Researcher I-Ju Chen is also involved in developing the future energy landscape in understanding how to optimise harvesting the energy that comes from the sun.

Today when solar cells absorb the sunlight they get really hot. This shows that a lot of the absorbed solar energy do not become electricity, but instead just become heat. It also creates another problem, that the solar cell efficiency actually drops when they get hot.

I-Ju Chen and her colleagues are looking into how to more efficiently turn the absorbed light into electricity. The effect that they are studying is often called hot-electron solar energy conversion because it collect electrons that are very hot due to absorption of light.

I-Ju Chen works in the cleanroom at NanoLund, a laboratory where nanostructures are manufactured. The question is: can the researchers implement new concepts so that a bigger portion of the energy of light can be turned into electricity and a smaller portion into waste heat.

-We use equipment in the cleanroom to make nanoscale solar cells for our measurements. The hot-electron device is based on a nanowire, but it’s composed of a stack of multiple materials. Our goal is to minimise the loss of solar energy into heat.

In the long term, researchers predicts that by collecting these very hot electrons we can convert the energy from the sun with an up to 60–85 % efficiency.

But how do nanowires grow? The original method is called epitaxi. A slow and expensive way of producing the extremely thin threads by placing gold particles on the crystalline substrate, a kind of semiconductor crystal on a baking plate.

Another technology in Lund today is aerotaxy where gold particles and semiconductor materials are blown into an oven of about 400 degrees Celsius. There they can float freely. What comes out of the oven is crystalline nanowires, perfect in shape and grown at a much faster speed than in the original method.

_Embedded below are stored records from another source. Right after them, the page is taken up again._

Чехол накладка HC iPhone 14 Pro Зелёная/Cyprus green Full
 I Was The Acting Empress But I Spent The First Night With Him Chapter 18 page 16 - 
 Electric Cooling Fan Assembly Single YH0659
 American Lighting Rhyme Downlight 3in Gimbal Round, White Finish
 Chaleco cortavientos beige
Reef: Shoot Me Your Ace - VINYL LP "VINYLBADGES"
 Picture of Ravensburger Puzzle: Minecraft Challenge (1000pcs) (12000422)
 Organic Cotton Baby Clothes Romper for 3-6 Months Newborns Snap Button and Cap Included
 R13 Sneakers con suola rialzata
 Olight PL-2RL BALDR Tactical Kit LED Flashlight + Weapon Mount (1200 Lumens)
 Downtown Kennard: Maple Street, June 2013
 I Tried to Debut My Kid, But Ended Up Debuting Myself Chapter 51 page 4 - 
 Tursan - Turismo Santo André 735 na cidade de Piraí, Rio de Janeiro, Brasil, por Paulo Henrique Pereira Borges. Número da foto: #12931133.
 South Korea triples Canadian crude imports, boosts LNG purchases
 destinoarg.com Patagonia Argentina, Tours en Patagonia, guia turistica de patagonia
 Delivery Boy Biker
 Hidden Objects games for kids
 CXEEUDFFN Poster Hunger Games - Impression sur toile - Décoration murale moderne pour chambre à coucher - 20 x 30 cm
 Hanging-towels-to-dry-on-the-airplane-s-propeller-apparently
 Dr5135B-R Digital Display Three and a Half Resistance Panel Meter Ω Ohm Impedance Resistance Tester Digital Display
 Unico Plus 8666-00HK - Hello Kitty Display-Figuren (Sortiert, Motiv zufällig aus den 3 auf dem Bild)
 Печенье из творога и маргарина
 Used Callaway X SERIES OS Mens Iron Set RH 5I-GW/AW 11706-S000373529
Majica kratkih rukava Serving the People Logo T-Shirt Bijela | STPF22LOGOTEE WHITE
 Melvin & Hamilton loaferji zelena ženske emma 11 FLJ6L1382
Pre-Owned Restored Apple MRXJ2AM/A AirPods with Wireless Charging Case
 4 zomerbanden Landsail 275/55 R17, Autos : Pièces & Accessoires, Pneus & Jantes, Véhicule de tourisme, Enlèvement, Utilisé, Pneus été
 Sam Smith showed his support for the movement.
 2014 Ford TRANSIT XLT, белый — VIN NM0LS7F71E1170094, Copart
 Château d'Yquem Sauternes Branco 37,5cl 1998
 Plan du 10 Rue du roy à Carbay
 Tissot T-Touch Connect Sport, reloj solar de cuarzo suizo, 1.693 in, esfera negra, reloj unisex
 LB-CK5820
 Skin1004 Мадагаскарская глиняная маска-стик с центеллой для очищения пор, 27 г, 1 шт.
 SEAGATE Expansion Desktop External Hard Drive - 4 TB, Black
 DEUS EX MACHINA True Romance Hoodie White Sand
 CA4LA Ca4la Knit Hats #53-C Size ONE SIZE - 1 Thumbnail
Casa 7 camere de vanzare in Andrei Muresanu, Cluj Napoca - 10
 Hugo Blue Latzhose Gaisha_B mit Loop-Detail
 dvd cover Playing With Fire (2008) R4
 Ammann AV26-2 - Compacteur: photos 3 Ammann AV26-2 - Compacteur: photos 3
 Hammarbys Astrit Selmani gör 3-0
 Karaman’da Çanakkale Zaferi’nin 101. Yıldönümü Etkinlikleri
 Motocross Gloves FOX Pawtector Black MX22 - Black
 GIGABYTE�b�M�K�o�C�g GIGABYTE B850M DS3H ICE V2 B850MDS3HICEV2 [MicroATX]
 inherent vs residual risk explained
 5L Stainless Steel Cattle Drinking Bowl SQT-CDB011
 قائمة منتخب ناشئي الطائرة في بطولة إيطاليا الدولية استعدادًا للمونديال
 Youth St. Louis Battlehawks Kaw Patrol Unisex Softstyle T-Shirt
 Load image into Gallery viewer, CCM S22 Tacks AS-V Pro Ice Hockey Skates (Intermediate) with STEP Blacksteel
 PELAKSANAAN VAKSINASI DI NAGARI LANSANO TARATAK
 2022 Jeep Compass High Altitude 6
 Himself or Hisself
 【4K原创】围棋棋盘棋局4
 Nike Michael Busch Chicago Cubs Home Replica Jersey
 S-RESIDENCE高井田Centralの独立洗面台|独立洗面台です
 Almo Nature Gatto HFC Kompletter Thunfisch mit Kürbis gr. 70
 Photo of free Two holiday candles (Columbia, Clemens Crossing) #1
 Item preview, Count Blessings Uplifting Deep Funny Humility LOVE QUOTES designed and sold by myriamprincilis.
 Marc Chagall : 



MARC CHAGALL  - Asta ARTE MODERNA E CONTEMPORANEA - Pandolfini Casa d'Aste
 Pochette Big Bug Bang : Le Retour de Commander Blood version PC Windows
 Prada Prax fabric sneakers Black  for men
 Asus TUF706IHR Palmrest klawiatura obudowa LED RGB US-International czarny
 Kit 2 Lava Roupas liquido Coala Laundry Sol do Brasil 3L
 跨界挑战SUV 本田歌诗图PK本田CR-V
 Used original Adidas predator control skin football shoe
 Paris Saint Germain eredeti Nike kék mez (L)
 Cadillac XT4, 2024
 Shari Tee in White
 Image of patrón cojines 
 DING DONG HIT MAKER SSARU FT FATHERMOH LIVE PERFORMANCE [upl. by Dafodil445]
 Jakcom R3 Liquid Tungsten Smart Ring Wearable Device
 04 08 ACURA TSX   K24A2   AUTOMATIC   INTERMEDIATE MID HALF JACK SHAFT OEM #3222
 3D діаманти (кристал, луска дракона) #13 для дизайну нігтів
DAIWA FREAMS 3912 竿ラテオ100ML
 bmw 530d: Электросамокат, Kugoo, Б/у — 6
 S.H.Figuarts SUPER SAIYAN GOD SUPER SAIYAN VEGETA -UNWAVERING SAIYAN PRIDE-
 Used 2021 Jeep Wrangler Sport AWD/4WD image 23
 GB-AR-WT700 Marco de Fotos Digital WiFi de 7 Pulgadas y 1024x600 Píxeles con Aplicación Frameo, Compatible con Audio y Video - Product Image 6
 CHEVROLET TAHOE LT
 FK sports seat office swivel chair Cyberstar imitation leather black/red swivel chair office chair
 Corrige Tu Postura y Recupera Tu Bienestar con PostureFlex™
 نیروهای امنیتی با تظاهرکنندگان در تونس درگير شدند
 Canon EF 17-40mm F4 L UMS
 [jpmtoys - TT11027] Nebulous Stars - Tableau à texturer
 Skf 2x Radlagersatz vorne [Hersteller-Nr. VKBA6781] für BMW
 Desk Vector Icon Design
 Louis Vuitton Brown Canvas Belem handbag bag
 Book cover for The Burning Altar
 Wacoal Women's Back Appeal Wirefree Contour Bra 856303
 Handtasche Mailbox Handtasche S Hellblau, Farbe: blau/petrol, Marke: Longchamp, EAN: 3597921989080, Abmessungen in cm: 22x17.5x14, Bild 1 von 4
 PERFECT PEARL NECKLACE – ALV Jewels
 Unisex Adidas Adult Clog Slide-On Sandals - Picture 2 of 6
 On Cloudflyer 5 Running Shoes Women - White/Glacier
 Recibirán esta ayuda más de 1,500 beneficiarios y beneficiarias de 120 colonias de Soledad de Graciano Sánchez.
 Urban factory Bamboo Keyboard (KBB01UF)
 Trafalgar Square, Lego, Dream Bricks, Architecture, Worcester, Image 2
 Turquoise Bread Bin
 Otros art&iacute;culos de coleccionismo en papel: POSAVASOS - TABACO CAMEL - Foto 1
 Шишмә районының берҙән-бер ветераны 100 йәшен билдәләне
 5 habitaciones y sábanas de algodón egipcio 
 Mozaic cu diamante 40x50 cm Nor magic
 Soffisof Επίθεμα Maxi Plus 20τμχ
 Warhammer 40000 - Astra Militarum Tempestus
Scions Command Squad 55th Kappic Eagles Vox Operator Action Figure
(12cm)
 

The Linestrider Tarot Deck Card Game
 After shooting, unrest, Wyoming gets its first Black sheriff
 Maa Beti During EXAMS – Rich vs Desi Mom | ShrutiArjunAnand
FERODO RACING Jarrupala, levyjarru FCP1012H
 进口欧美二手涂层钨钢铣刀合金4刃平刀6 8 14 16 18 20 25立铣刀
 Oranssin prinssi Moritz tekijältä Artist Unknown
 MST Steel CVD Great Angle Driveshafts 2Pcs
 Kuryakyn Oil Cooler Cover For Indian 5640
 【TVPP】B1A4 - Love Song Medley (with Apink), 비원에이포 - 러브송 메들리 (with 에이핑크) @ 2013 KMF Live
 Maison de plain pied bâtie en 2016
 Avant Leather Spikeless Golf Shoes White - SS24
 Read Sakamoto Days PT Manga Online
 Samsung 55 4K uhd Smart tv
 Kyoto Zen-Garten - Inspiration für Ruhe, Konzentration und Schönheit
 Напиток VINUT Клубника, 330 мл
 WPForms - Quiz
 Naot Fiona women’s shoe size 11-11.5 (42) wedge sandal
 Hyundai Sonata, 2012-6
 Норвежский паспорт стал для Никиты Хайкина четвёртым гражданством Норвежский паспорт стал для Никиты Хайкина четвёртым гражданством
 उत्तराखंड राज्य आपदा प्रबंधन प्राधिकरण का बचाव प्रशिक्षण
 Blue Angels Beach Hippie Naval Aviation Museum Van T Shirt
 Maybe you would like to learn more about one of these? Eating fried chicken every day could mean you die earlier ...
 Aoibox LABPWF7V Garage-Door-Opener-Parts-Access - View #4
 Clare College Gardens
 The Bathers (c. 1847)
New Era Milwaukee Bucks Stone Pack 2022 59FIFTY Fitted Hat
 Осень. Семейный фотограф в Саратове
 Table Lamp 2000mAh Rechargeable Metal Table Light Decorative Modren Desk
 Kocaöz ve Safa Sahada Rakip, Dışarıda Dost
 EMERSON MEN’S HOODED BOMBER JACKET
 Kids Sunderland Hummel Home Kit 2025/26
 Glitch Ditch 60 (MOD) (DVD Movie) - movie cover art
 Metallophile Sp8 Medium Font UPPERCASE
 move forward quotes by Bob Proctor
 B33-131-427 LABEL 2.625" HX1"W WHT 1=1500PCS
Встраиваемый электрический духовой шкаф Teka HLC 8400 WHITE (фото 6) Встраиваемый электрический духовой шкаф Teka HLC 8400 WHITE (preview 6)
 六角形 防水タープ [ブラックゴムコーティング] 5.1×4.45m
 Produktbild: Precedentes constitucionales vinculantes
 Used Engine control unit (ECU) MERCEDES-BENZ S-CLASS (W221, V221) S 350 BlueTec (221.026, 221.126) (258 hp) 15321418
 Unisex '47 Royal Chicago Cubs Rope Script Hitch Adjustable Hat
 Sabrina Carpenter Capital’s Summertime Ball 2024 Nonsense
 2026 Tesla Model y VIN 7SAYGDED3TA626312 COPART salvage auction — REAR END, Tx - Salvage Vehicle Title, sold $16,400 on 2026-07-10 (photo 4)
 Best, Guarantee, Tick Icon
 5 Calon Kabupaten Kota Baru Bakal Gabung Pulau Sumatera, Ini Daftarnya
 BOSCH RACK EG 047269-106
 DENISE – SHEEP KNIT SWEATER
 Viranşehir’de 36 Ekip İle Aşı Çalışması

Aerotaxy is the key to building an industry with nanowire solar cells and it was at NanoLund the birth of this method took place. Today NanoLund is world-leading in using this technique.

The thin nanowires are built atomic layer by atomic layer to control when a material begins and one ends in the nanowire. You can then see what different characters they have, and sections can be made out of completely different materials. To make it as efficient as possible NanoLund uses computer simulation to check what are the best combinations. In order to really achieve the maximum effect of taking care of the solar rays in a solar cell, all properties in the material need to be accurate.  For this to work, very careful examinations of the material and advanced electrical and optical modelling are required. Such work employs Yang Chen.

– We need to optimise the wire for light collection, so we try to change the distance between nanowire and the diameter in the computer for that to happen, and we also try to improve the use of material. The second aspect is that we can optimise the combination of material for harvesting the energy.

The cleanroom at NanoLund is a laboratory where nanostructures are manufactured.

It’s expensive to carry out experimental tests, that’s why the researchers do careful modelling to see which is the best model to use.

– We need to know where to go, so that we do not waste money. Clear instructions for the tests make the experiments more efficient.

How will we use solar energy in the future? Taking a realistic view, we can use it for many of our everyday energy needs, but we cannot rely on it fully; there are sometimes clouds in the sky and there will always be nighttime. In sunny countries all around the world the solar energy has become the cheapest way to get energy, even cheaper than electricity that is produced by wind power and fossil fuels. And Yang Chen has a vision of how we could help each other in a network around the world.

– Imagine, if the sun shines in the US it could be distributed to countries that have night at the same time. We could store and reuse. The most stable thing is not the sun cell but the sun itself.